- [The data]
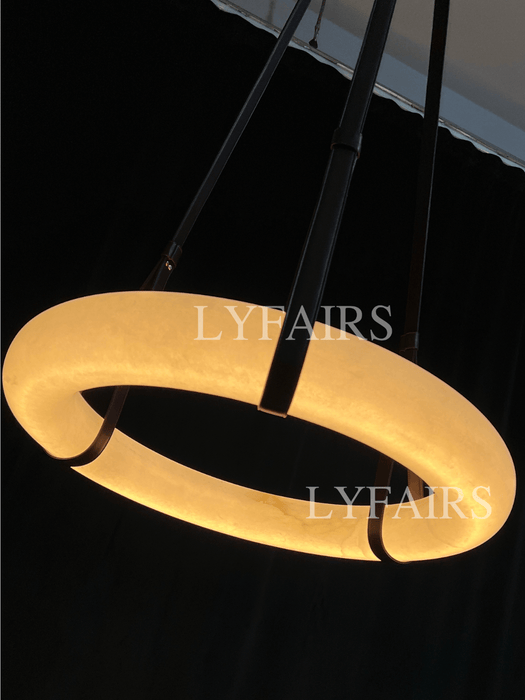 Modern Round Alabaster Chandelier for Living Room/Bedroom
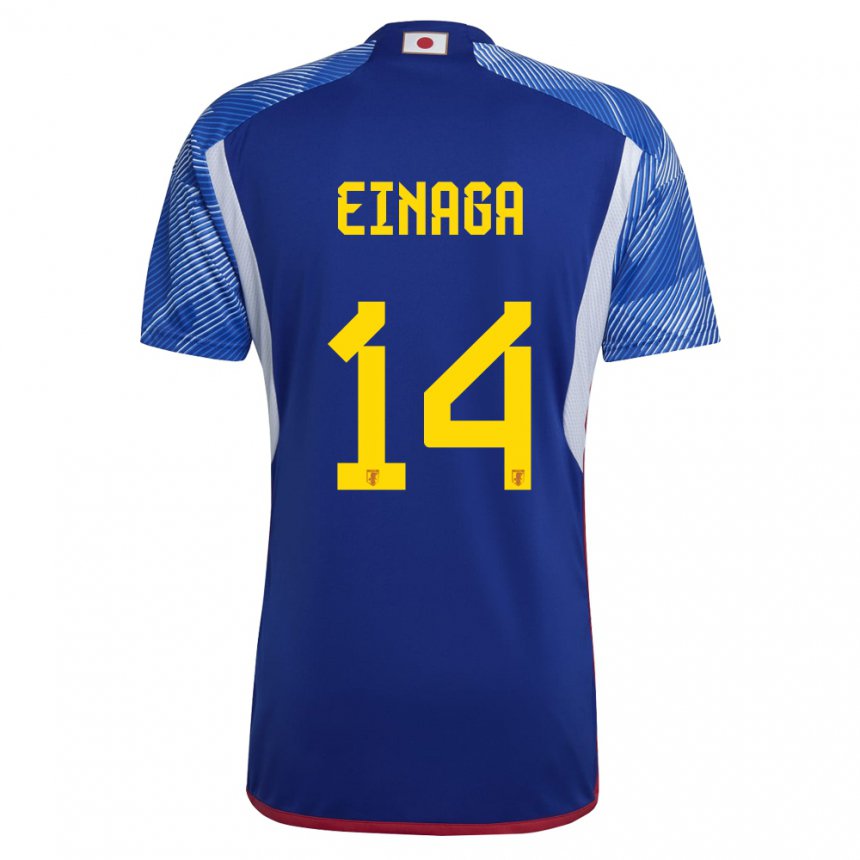 Niño Camiseta Japón Takatora Einaga #14 Azul Real 1ª Equipación 22-24 La Camisa Argentina
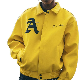  Black Yellow Leather Versity Jacket for Men Manufacturer Bulk Bomber Plus Size Men′s Letterman Varsity Jackets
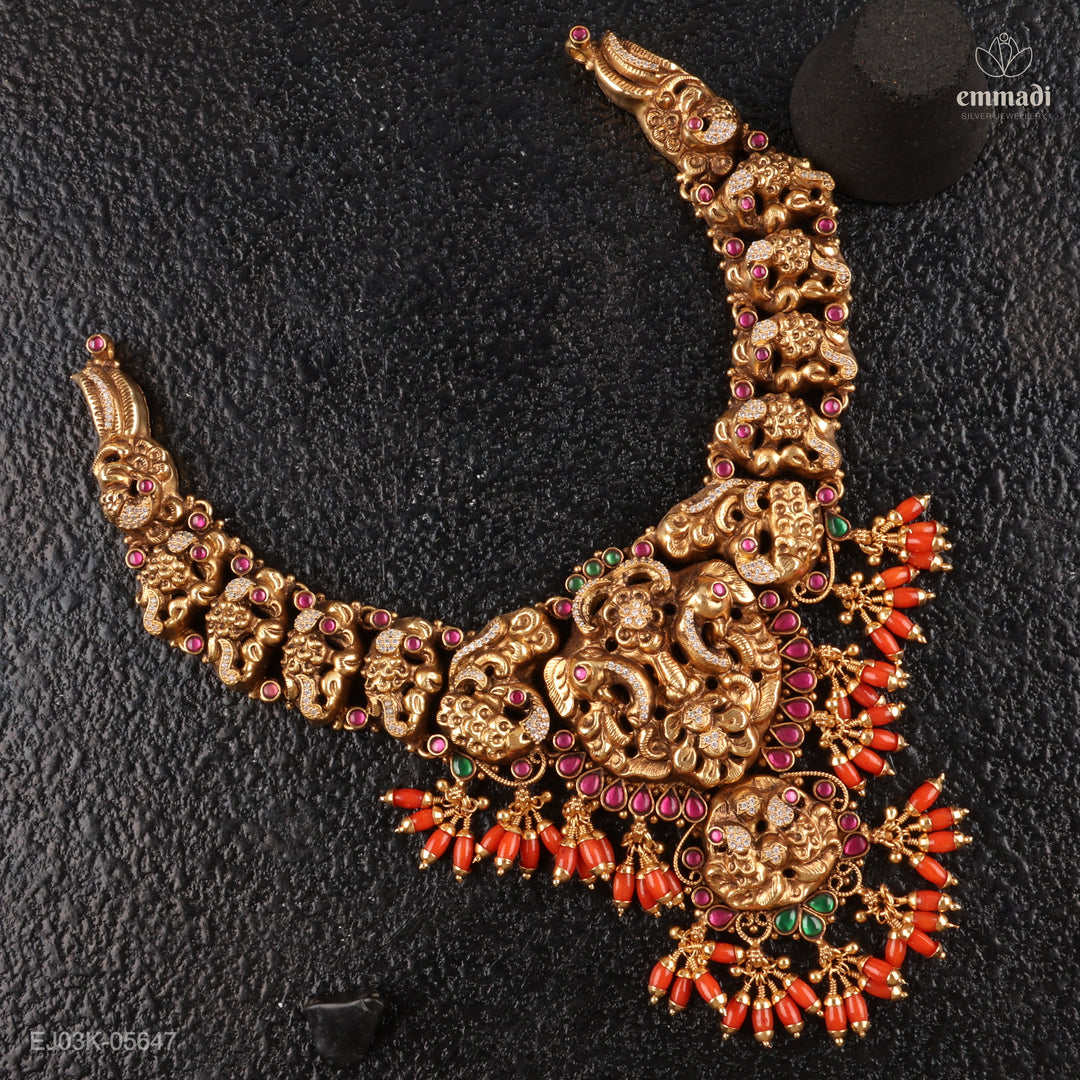 Short Necklace Kundan Nakshi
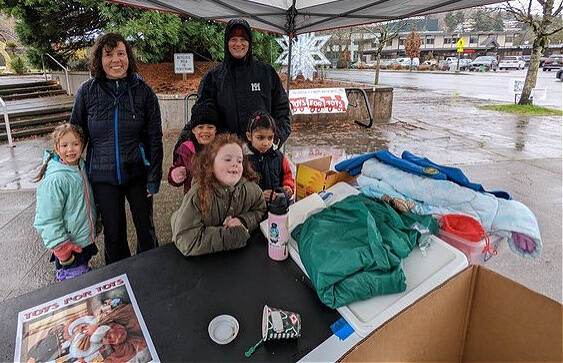 Mercer Island Girl Scouts collect gifts for Toys for Tots - King County on Dec. 9 at Mercerdale Park. Courtesy photo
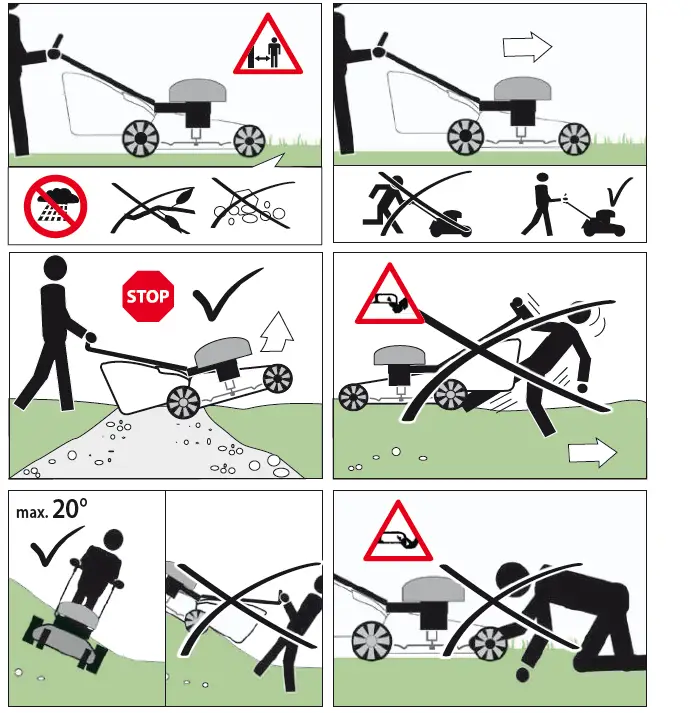 G de 460 ES Big Wheeler Petrol Lawn Mower fig 12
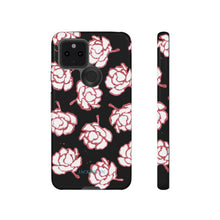 Load image into Gallery viewer, Black Floral Phone Case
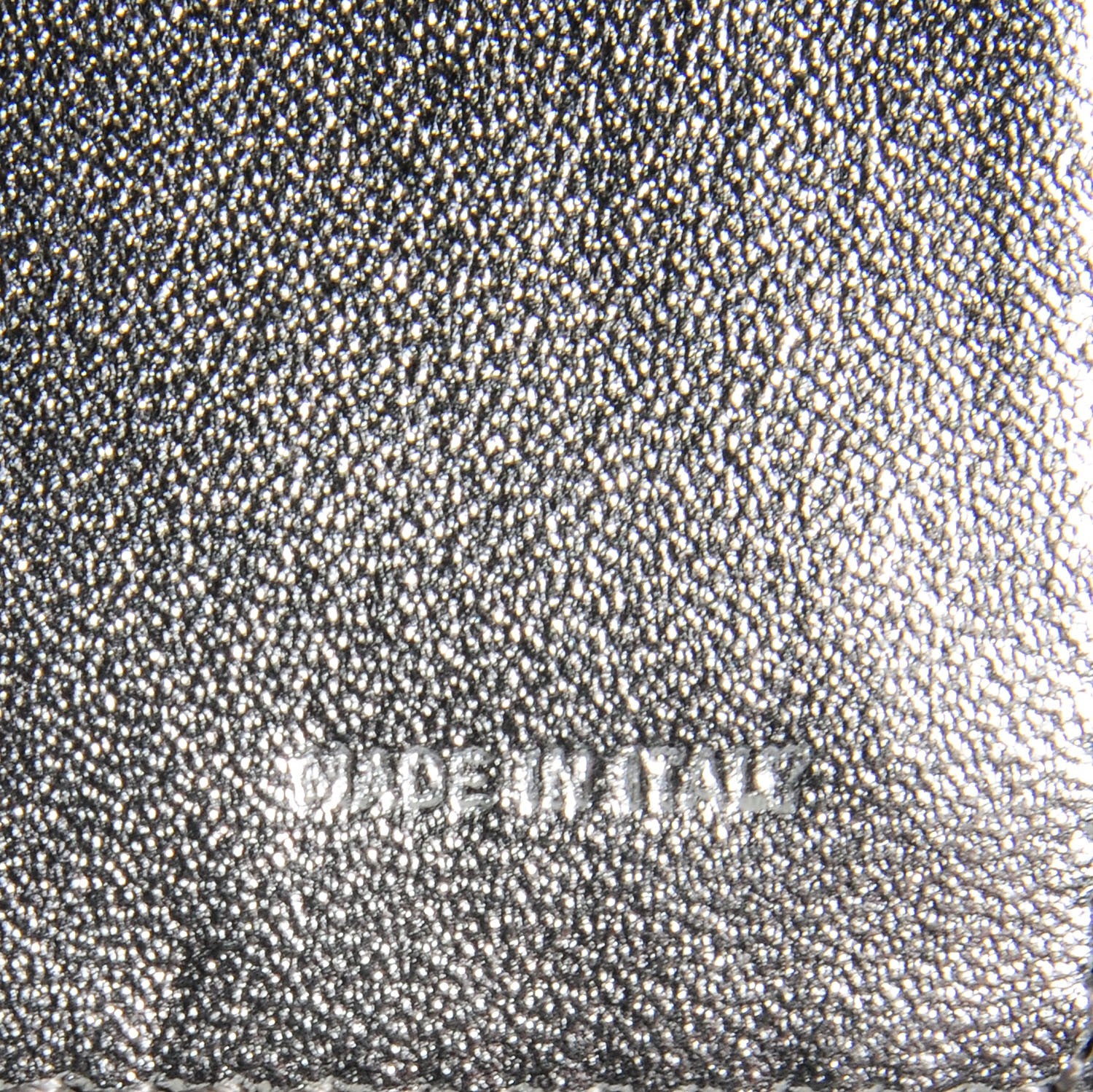 Fendi Metallic Calfskin Wallet On Chain Silver 7 of 8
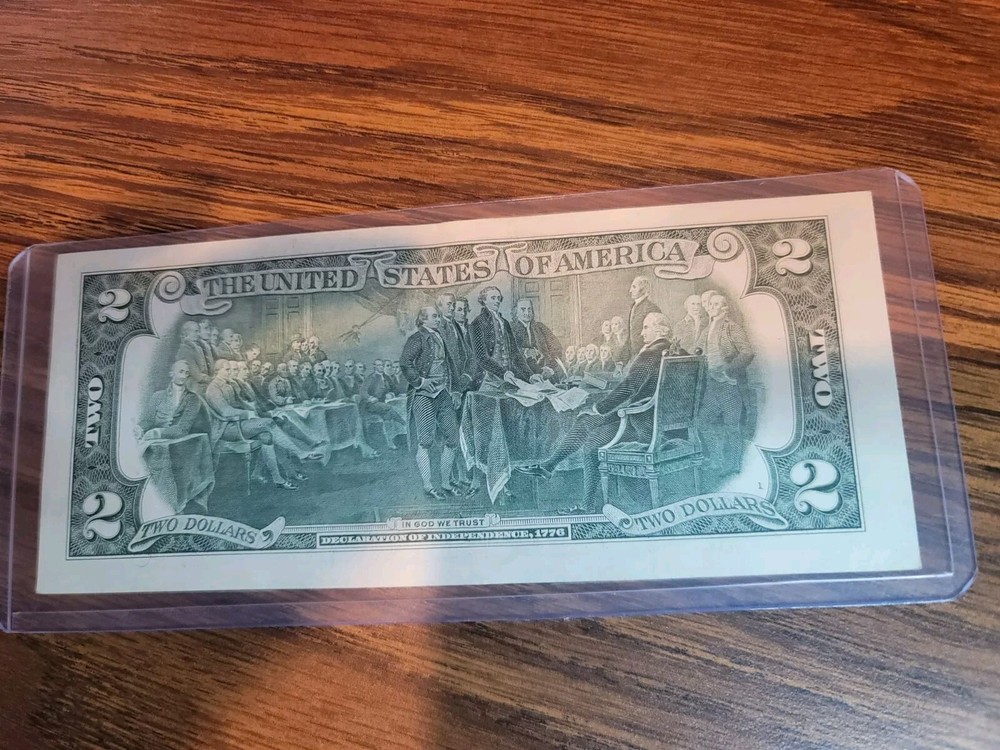 2009 Two Dollar Bill**SLIGHTLY OFF CENTER FRONT & Back - CRISP
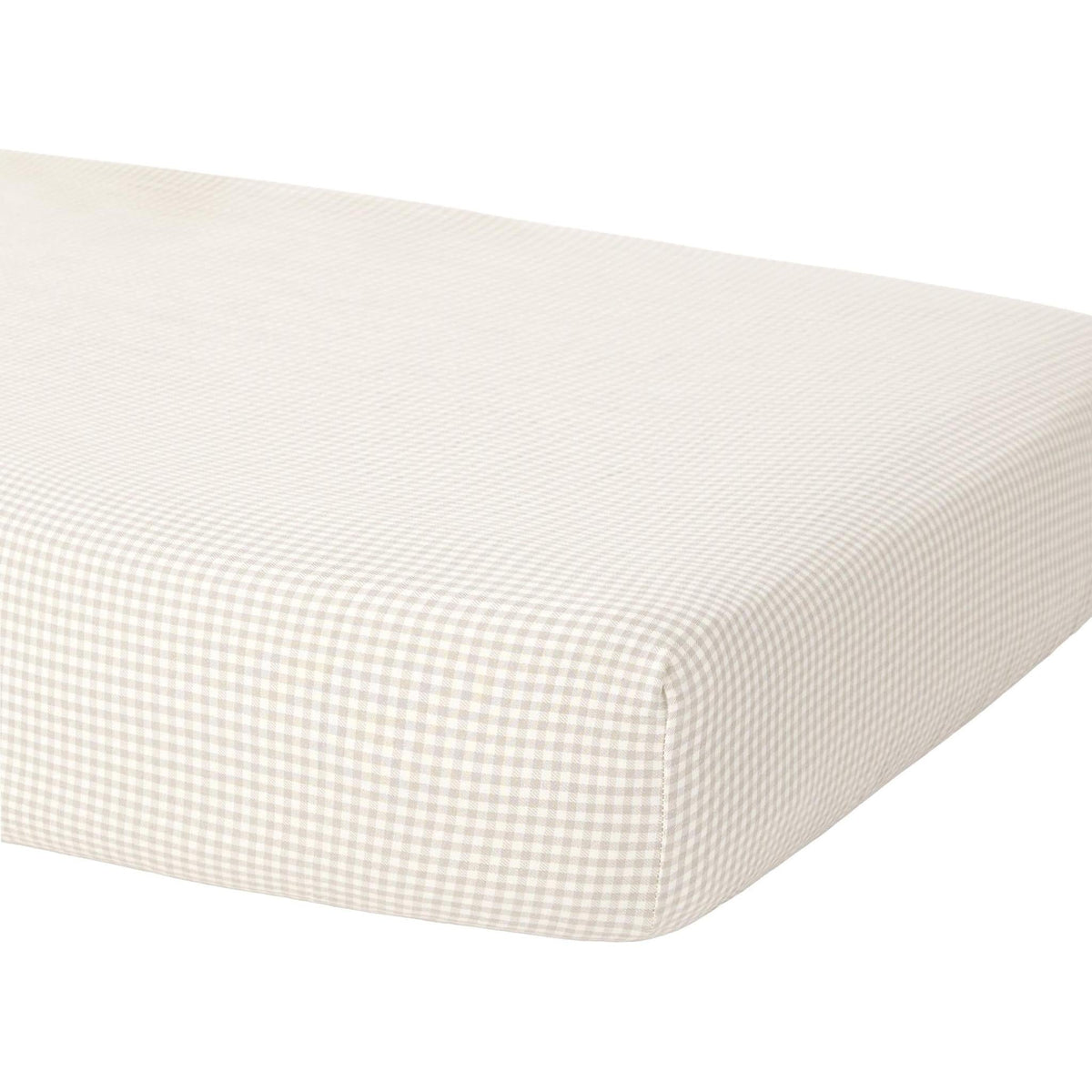 Quincy Mae Bamboo Crib Sheet || Oat Gingham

- [Task directions] Transcribe the records verbatim, excluding pictures.

- [Written answer]
 Modern Round Alabaster Chandelier for Living Room/Bedroom
 Niño Camiseta Japón Takatora Einaga #14 Azul Real 1ª Equipación 22-24 La Camisa Argentina
  Black Yellow Leather Versity Jacket for Men Manufacturer Bulk Bomber Plus Size Men′s Letterman Varsity Jackets
 Short Necklace Kundan Nakshi
 Mercer Island Girl Scouts collect gifts for Toys for Tots - King County on Dec. 9 at Mercerdale Park. Courtesy photo
 G de 460 ES Big Wheeler Petrol Lawn Mower fig 12
 Load image into Gallery viewer, Black Floral Phone Case
 Fendi Metallic Calfskin Wallet On Chain Silver 7 of 8
 2009 Two Dollar Bill**SLIGHTLY OFF CENTER FRONT & Back - CRISP
 Quincy Mae Bamboo Crib Sheet || Oat Gingham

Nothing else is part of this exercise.